If the political campaigning has kept the guitarist busy recently, he has not been entirely idle during the past year without live concerts. His most recent online recital was as part of Baroque at the Edge at LSO St Luke’s, a beautifully-recorded concert that ranged from the Scottish manuscripts he has recorded for the Delphian label to a flavour of the music that will feature on his first disc under his new contract with Pentatone.

“It will be out in August and is one of their priority releases for next year. It took lockdown for me to discover this repertoire of Federico Mompou, Poulenc, and Ravel.

“Compared to a lot of the stuff that I am interested in, it is on the easier end of the listening scale and outside of lockdown I might not have been enticed to explore it, but it is so comforting to play.

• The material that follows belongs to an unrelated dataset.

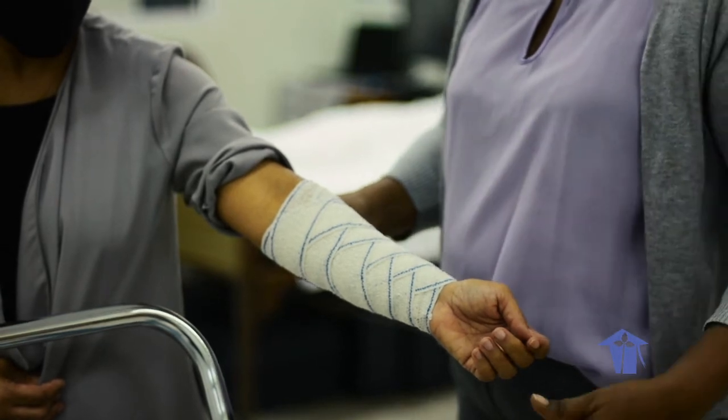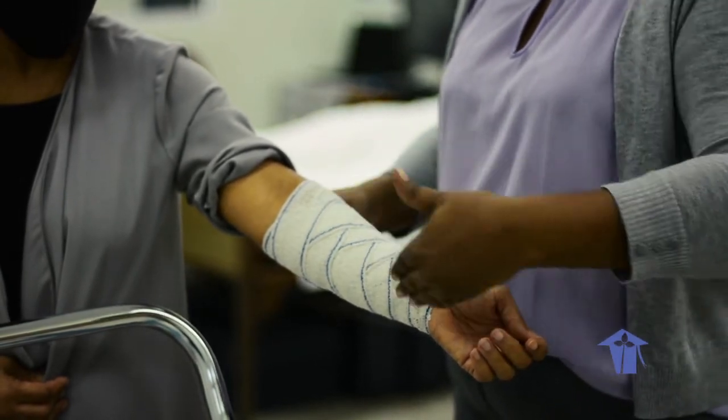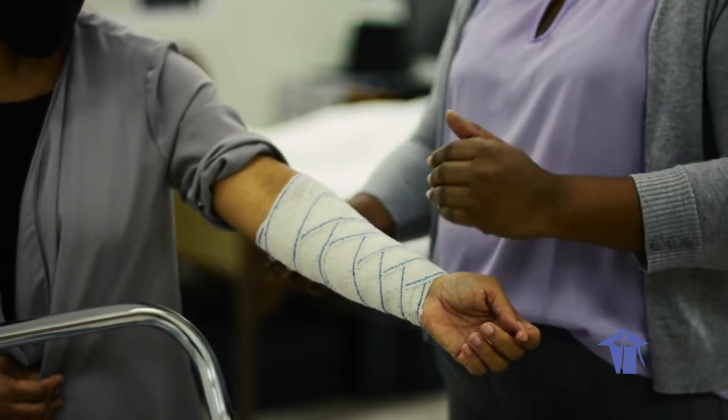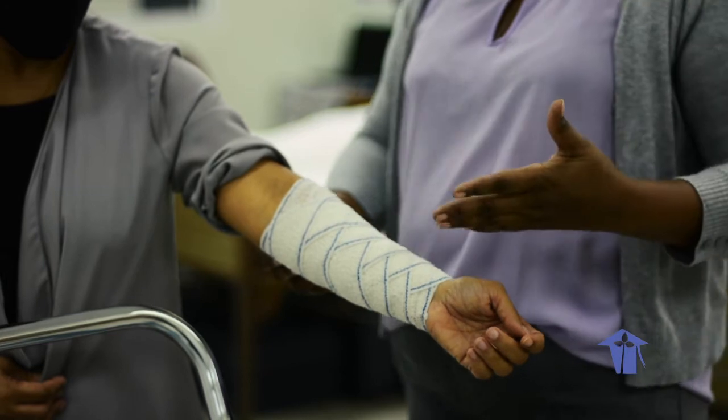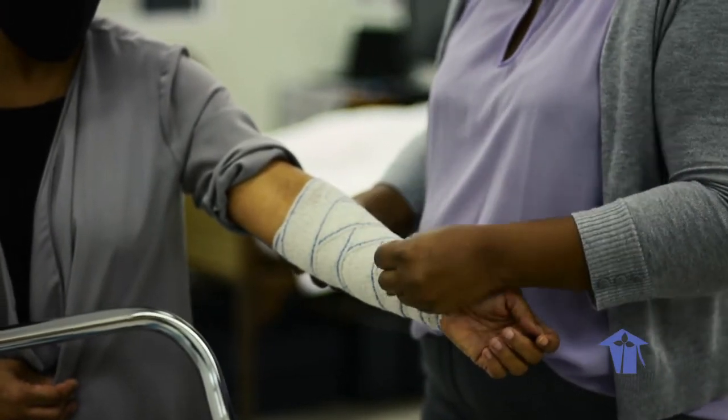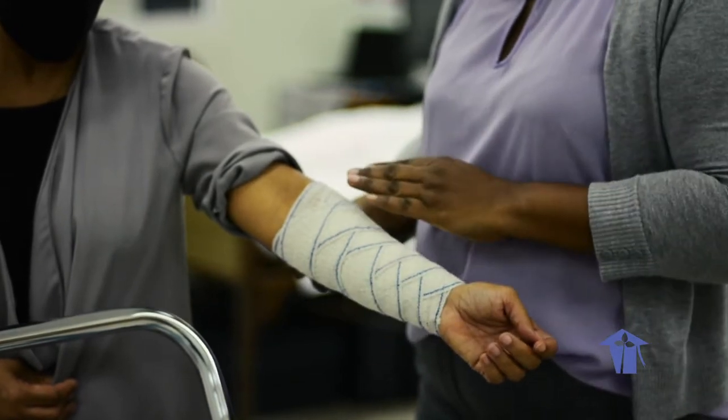You can place the figure-8 pattern on the inner aspect, the outer aspect, or the lateral aspect of the limb depending on where you need it. Keep in mind that wherever you put more folds and turns, that is where most of the pressure from your bandage will be concentrated.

“Mompou’s major work for the guitar repertoire is the Suite Compostelana [composed for Segovia at the start of the 1960s] which traces part of the Camino pilgrim path to Santiago. There are references to the Galician small pipes and other links to the Celtic diaspora, before the sighting of the great church itself.

“So ‘Camino’ made sense as a title for an album of music that I’ve been on a path to get to, and repertoire that I deliberately did not want to explore earlier in my career because the guitar is so inextricably linked to Spanish repertoire. I wanted to be able to come to it with genuine enthusiasm, and this felt like the right time.”

As well as classic guitar repertoire, Shibe has also been adding lute music to his live concerts, most recently for Baroque at the Edge but also for his contribution to the online East Neuk Festival events last year.

“It was another thing that I’ve had time to explore during lockdown. The lute has been in and out of my life since undergraduate studies, which is the best part of ten years now. The technique that you require for the lute is so radically different and the joy of the instrument is its sensuality in playing it. Again it has been something that is very comforting.”

Nonetheless, the global health crisis came just as Sean Shibe’s star was rising and his career moving up a gear, so such consolations have to be set against the business of making a living in the music business.

“When lockdown happened I moved back to stay with my parents and save on rent. I am very grateful that Pentatone took me on when they did and I’ve already seen such substantial support from them, beyond promoting a record. It is much more holistic.”

He is aware that his predicament is no worse than that of many others in the music industry.

“As instrumentalists we always knew it would be hard work to keep going, but my friends in arts admin perhaps saw their jobs as more stable and that has been taken from them. And I really feel for those who are leaving college at the moment as well.

“ I have had two or three new concerti delayed. But delayed and not cancelled, so I am grateful for that. I have probably lost about £50,000 to £60,000 worth of work that was planned – and for that work to be there in the future those institutions will have to survive. Of course there are still things going on, but it is so much harder.”